In my book, Psy-Q I talk about a classic thought experiment that is often used as an example of the phenomenon that I’m talking about. Think about pilots who are learning to land planes, which is the most difficult part of the job. What’s the best way to train pilots – the carrot or the stick. Should you praise and reward them for good landings or scold and punish them for bad landings? (The same question arises in lots of situations such as trying to discipline kids in school, or even at home).

So, suppose that you decide to do both. You praise and reward them for every good landing, and fine or punish them for every bad landing. You do this for a while and then have a look at your results. You notice that after praising them for an excellent landing, the next one is always worse. On the other hand, after you’ve punished them for a bad landing, they always do better on the next one. So, you conclude that the stick is better than the carrot, and that you’ll concentrate on this from now on.

It all seems pretty reasonable doesn’t it. But the whole thing is just an illusion. This pattern of landings would happen regardless of your praise or punishment because of something called regression to the mean. Plane landings, like just about everything else involving human behaviour – follow what’s called a normal distribution. Most landings are OK – just about average. A few landings are excellent, so perfect that you can barely feel the wheels hit the ground. A few are terrible – so bumpy that you almost fear for your life. But the excellent and the terrible landings are both very rare, and the average landings are very common. So, after a terrible landing, odds are that the next one will be better, just because most landings are better than terrible. On the other hand, after an excellent landing, odds are that the next one will be worse, just because most landings are worse than excellent.

So, if you go around making changes to your site with no real plan, you risk falling into the same trap. If your site is doing terribly on one day, and then you change it and things pick up, you have no way of knowing whether it was because of your change or simply because on most days your site does averagely well, so after a terrible day, a better day is almost inevitable. On the other hand, if your site drops off after a particularly excellent day, it’s probably not because of some change that you did or didn’t make, just regression to the mean.
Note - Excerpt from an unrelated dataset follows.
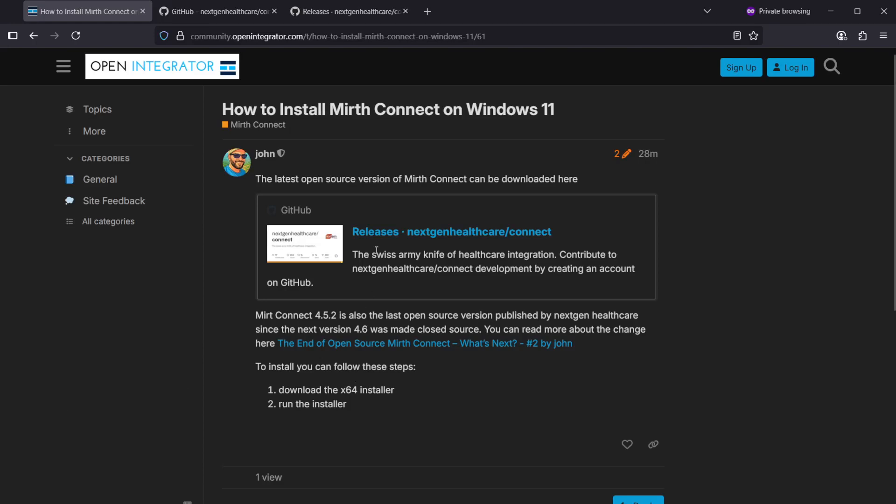Hey guys! In this video I'm going to show you how to install Mirth Connect on Windows 11.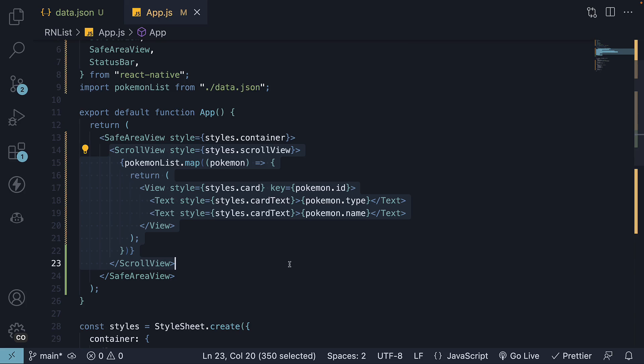In the previous video, we learned how to render a list in React Native using the ScrollView component and the map method. But with this method, all items are rendered even if they're not in the viewport.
Psychologists, and in fact all scientists, are all too aware of these types of statistical fallacies – seeing patterns that aren’t there – which is why we’ve learned never just to take our data at face value, but to analyse them using statistical tests: either the traditional type that look at whether particular changes in performance pass some threshold for statistical significance. Or increasingly these days, using Bayesian statistics – like we do here at Endless Gain to compare the relative probability that a particular upturn – or downturn – in conversions or revenue was due to differences between versions of the site, and not just down to chance. It’s only by using these types of statistical techniques that you can avoid getting caught out by statistical illusions like regression to the mean.